PROBLEM DESCRIPTION:
The records below are to be written out exactly, with every picture omitted.

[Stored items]
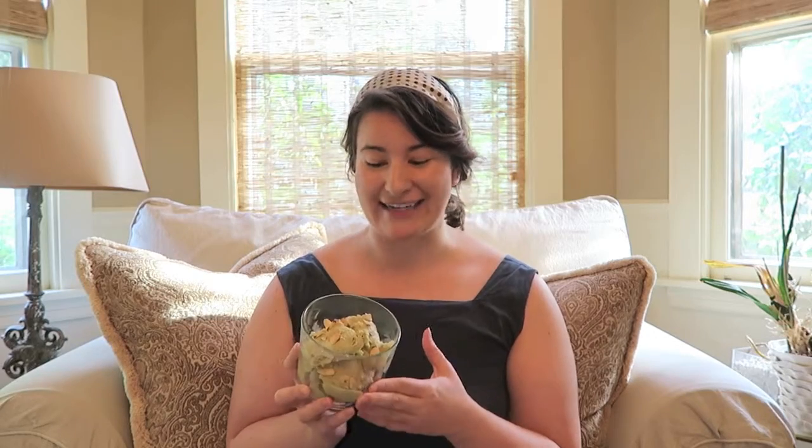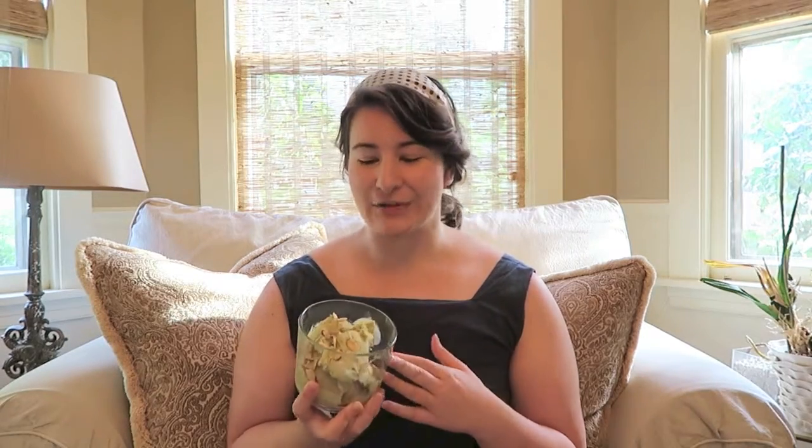The sliced almonds taste really good on it. My mom was telling me she made honey cake for Rosh Hashanah and had it with this ice cream, and it tasted really great. But it's good on its own too. I also tried it with chocolate chips once, and that tasted really good as well. It's a really great recipe — if you want to try it, let me know how it turns out, with or without an ice cream maker. Thanks for watching and I'll see you in the next one!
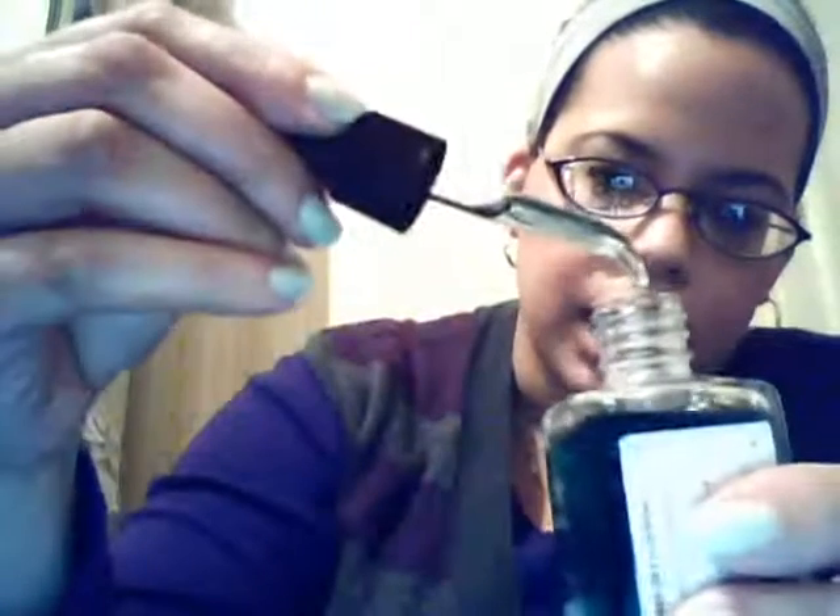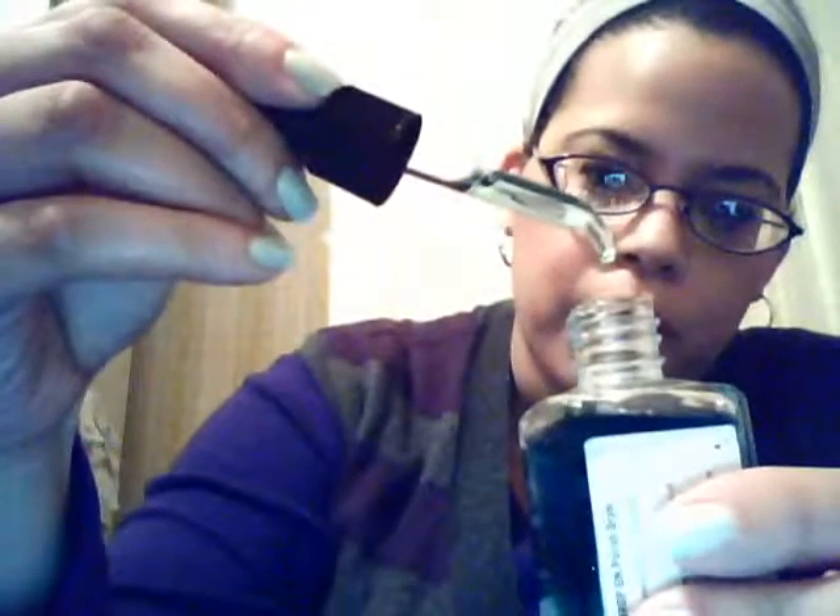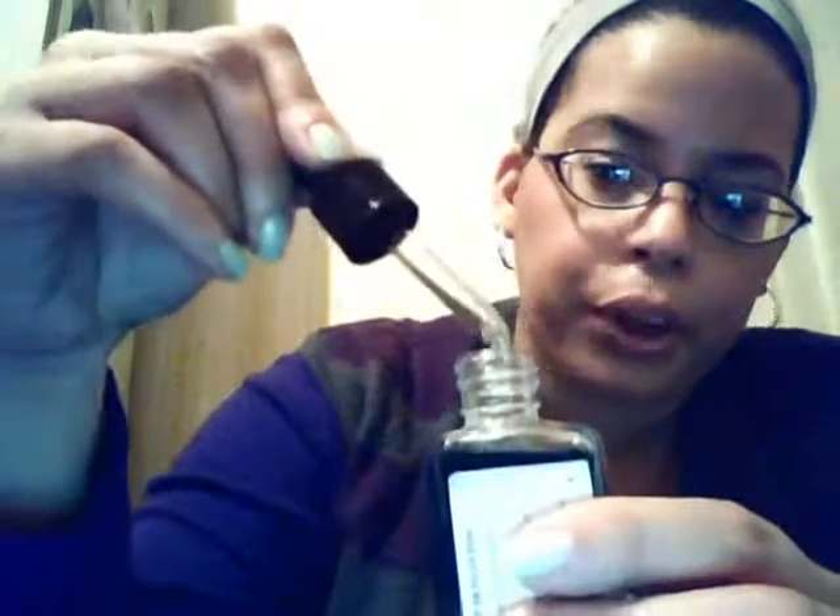When you open this, you will see that it is a dropper — it is not like a brush-on. So you literally just do one drop per nail, and you just kind of let it run down the nail and you wait. In about a minute they're okay to kind of touch, but if you wait about five minutes they're pretty much completely dry and amazing, and you can go about your day. I love it.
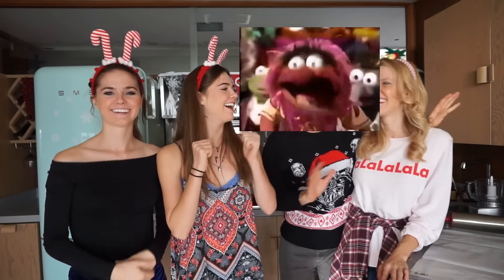Merry Christmas everyone and we are here to do the most Christmassy thing you can do! We're going to make some cookies! Yay! Sweet potato cookies!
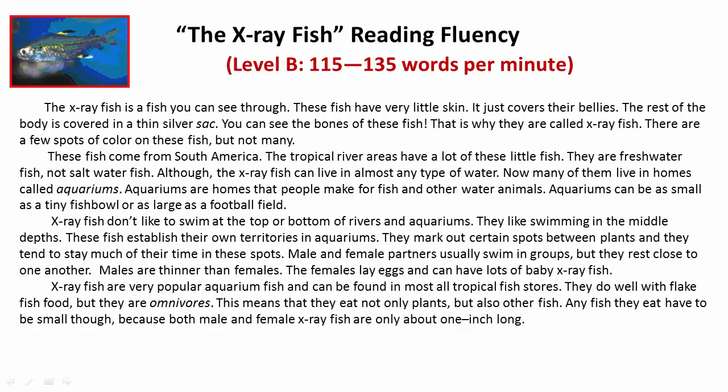X-Ray Fish are very popular aquarium fish and can be found in most all tropical fish stores. They do well with flake fish food, but they are omnivores — this means that they eat not only plants, but also other fish. Any fish they eat have to be small though, because both male and female X-Ray Fish are only about one inch long.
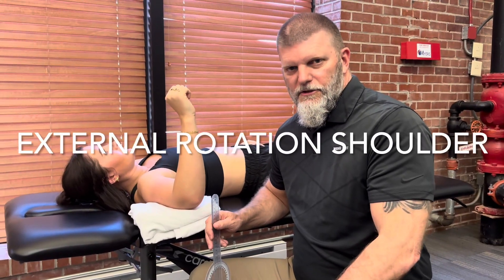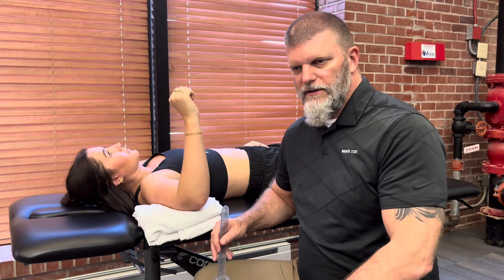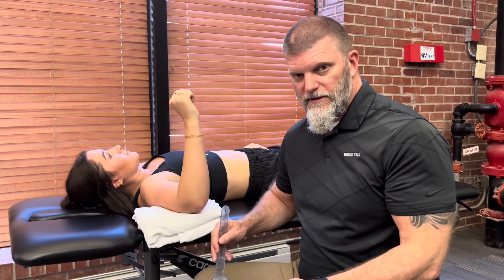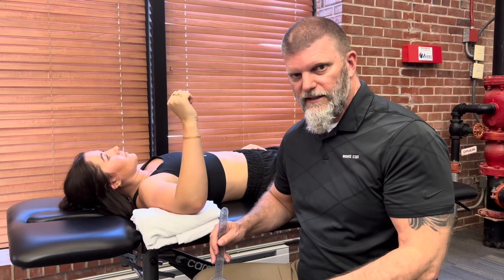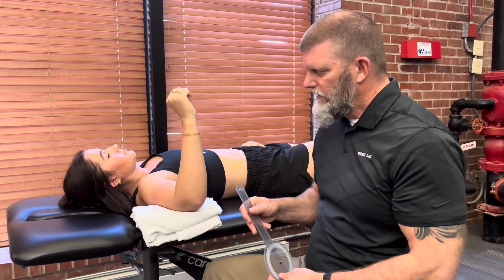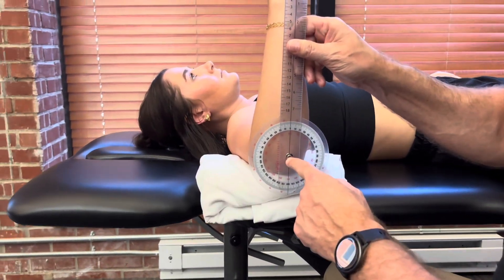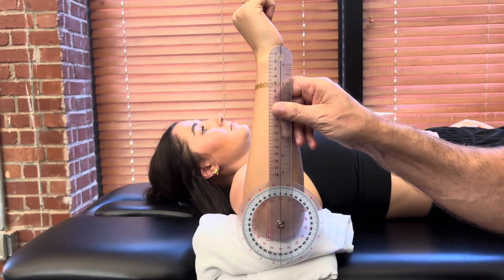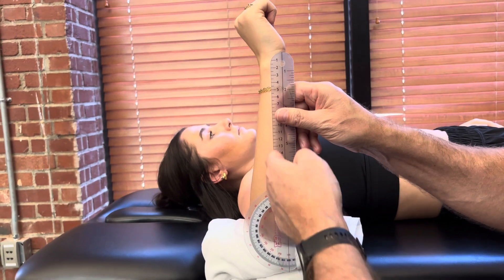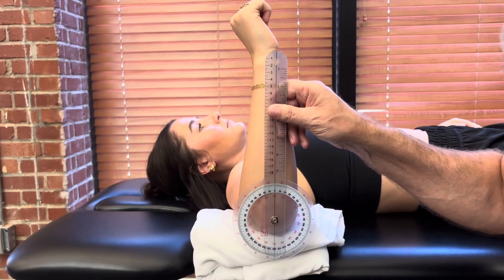Our next measurement is going to be shoulder external rotation. We'll do shoulder external rotation glenohumeral isolated and then we'll do total composite shoulder external rotation. My alignment is going to be the same. The axis is going to be on the olecranon process. The stationary arm is going to be vertical and the movable arm is going to be against the midline of her humerus.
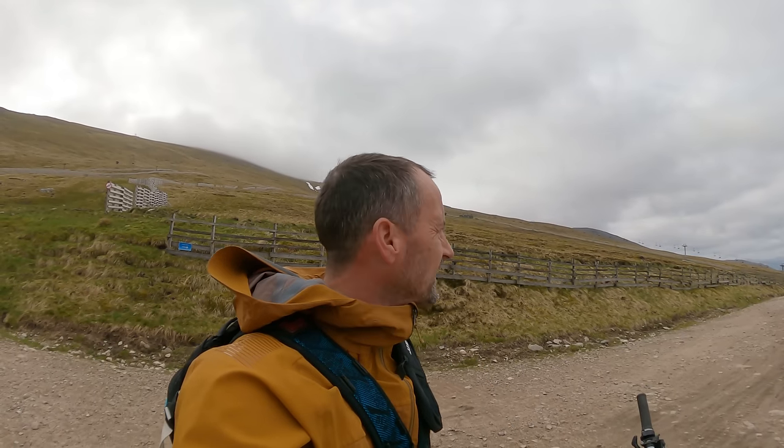Welcome to Fort William, the Nevis Range. I've just got the chairlift up to the top, just pushed my bike out and up a little hill, that's why I'm out of breath. I'm just heading off to ride Blue Dune, so wish me luck and hopefully I'll see you at the bottom in one piece.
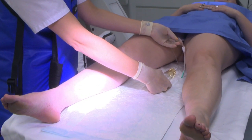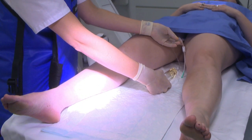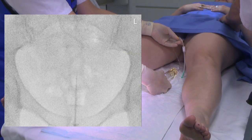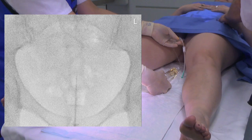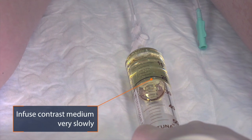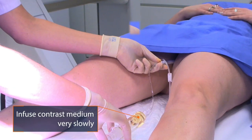First we will start with a plain picture so we can compare the other pictures with the first plain one. Now I will start with a slow infusion of the contrast media — very slow, because then it will be less painful for the patient.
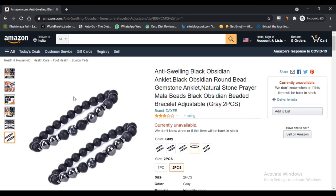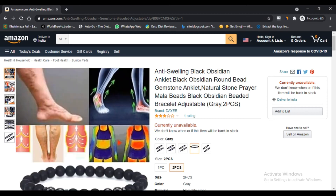Cons of the anti-swelling black obsidian anklet: first, there are no proper reviews by real users about this anklet; second, the anklet is currently out of stock on Amazon; third, the anklet has not received many good comments on Facebook either.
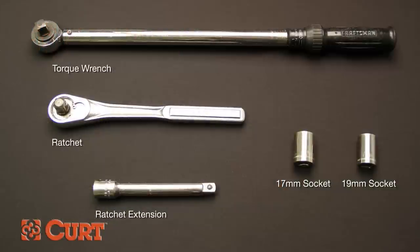First, let's go over the tools necessary for the install. You will need a torque wrench, a ratchet, a ratchet extension, a 17mm socket, and a 19mm socket.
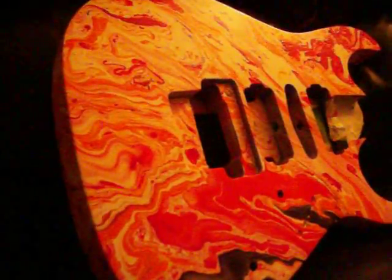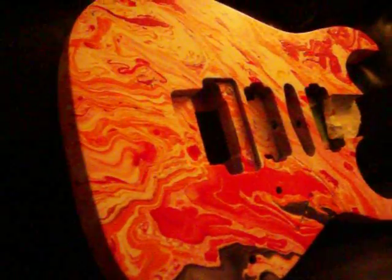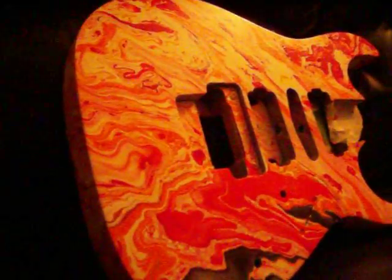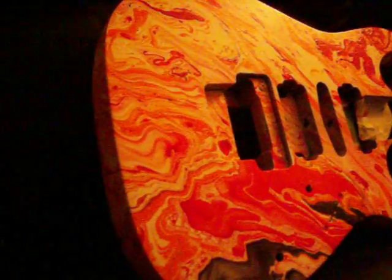This is a RG5 EX1 body, basswood, Korea, China, somewhere. Swirled, as you can see. It's probably my fifth swirl that I've done. It's come up quite nice, actually. Whoever ends up with it will cherish it. It's quite an exquisite swirl as far as its design — it does look very, very nice.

EXERCISE SOLUTION:
The sliced almonds taste really good on it. My mom was telling me she made honey cake for Rosh Hashanah and had it with this ice cream, and it tasted really great. But it's good on its own too. I also tried it with chocolate chips once, and that tasted really good as well. It's a really great recipe — if you want to try it, let me know how it turns out, with or without an ice cream maker. Thanks for watching and I'll see you in the next one!
When you open this, you will see that it is a dropper — it is not like a brush-on. So you literally just do one drop per nail, and you just kind of let it run down the nail and you wait. In about a minute they're okay to kind of touch, but if you wait about five minutes they're pretty much completely dry and amazing, and you can go about your day. I love it.
Merry Christmas everyone and we are here to do the most Christmassy thing you can do! We're going to make some cookies! Yay! Sweet potato cookies!
X-Ray Fish are very popular aquarium fish and can be found in most all tropical fish stores. They do well with flake fish food, but they are omnivores — this means that they eat not only plants, but also other fish. Any fish they eat have to be small though, because both male and female X-Ray Fish are only about one inch long.
Our next measurement is going to be shoulder external rotation. We'll do shoulder external rotation glenohumeral isolated and then we'll do total composite shoulder external rotation. My alignment is going to be the same. The axis is going to be on the olecranon process. The stationary arm is going to be vertical and the movable arm is going to be against the midline of her humerus.
Welcome to Fort William, the Nevis Range. I've just got the chairlift up to the top, just pushed my bike out and up a little hill, that's why I'm out of breath. I'm just heading off to ride Blue Dune, so wish me luck and hopefully I'll see you at the bottom in one piece.
First we will start with a plain picture so we can compare the other pictures with the first plain one. Now I will start with a slow infusion of the contrast media — very slow, because then it will be less painful for the patient.
Cons of the anti-swelling black obsidian anklet: first, there are no proper reviews by real users about this anklet; second, the anklet is currently out of stock on Amazon; third, the anklet has not received many good comments on Facebook either.
First, let's go over the tools necessary for the install. You will need a torque wrench, a ratchet, a ratchet extension, a 17mm socket, and a 19mm socket.
This is a RG5 EX1 body, basswood, Korea, China, somewhere. Swirled, as you can see. It's probably my fifth swirl that I've done. It's come up quite nice, actually. Whoever ends up with it will cherish it. It's quite an exquisite swirl as far as its design — it does look very, very nice.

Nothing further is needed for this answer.